Visiting a coin show in a nearby city, I observed an older lady struggling to carry a heavy bag. She stood at the entrance to the large amphitheater-like center and seemed over-whelmed by the enormous crowd and scores of coin dealers lined up a dozen rows. She was obviously unaccustomed to a bourse area and stood still for several minutes, trying to determine where to start.
Finally the frail lady mounted the courage to engage conversation with a dealer near the front. Within moments she spilled out the contents of her sack onto his table. I quickly recognized some old gold coins and hundreds of silver coins referred to in the trade as junk silver. These are coins minted before 1965 which contain 90% silver.
I edged closer as if the next in line. The calculator in my head easily valued the cache as worth at least $3000. I listened as the man ran his hands through the coins as if they were truly junk. He commented about their circulated condition and low value, not “worthy of serious collecting.”
True, the silver coins weren’t in fine or newly minted condition, but with silver at near $40 an ounce, this wasn’t chunk change. The old gold coins did have numismatic value, but he down-played their significance as well.
“Nobody is collecting Gaudens anymore,” he said. My jaw dropped in disbelief.

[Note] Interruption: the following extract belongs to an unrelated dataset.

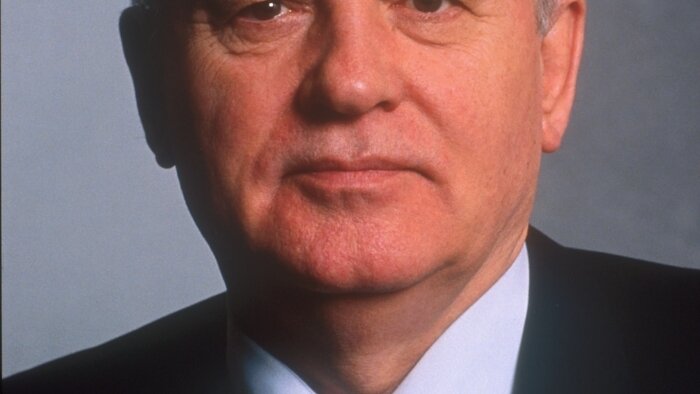 Mikhaïl Gorbatchev : l'homme qui a changé le monde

The little woman asked what he thought they would be worth. He shrugged his shoulder and said unenthusiastically, “I’ll give you a four hundred for the whole lot.”

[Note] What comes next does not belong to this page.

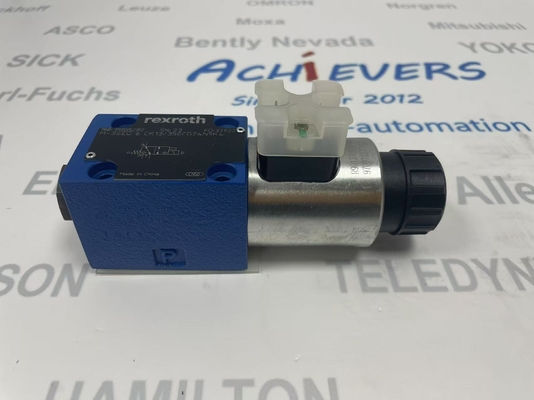 Bosch Rexroth R900052392 Βαλβίδα Κατεύθυνσης Σωλήνα Μικρού Μήκους BSW000R Στρατηγική Εξομάλυνσης Φίλτρο Χαμηλής Διέλευσης Και Φίλτρο S-curve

She mulled the offer. I was caught in a dilemma. In the coin trading world, it is considered unethical for a dealer to disrupt another dealer while in a transaction with a customer. In fact, it is an infraction of the ethical code of conduct. Yet, my personal world doesn’t stand for robbing the vulnerable.
I interrupted before she responded to the dealer. “That sure is a fine collection of coins you have there, Mam. You must have been collecting for years.”
The dealer frown turned into a scowl. The soft-spoken lady shook her head and said that her recently deceased husband had been the collector.
“I don’t know nothing about coins,” she continued, “but figured they might be worth enough to pay a past-due utility bill.”
The squinty-eyed dealer stood silent.
“Mam,” I said with a wink. “I do know something about coins and think you should check around with several dealers before accepting your first offer.”
“Sure,” the dealer said politely while casting a sinister eye in my direction.
The lady thanked me for the advice and turned back to the dealer.
“I think I will ask some others first,” she said as she gathered her coins from the dealer’s table. She thanked me and I turned away only to hear the dealer offer her an additional fifty dollars.
What the outcome was I can’t say. I breached professional etiquette and could have been booted from the show had I been there as a dealer.
Like Peter, “Silver and gold” had I none that day, but what advice I had, I gave. Hopefully she walked away.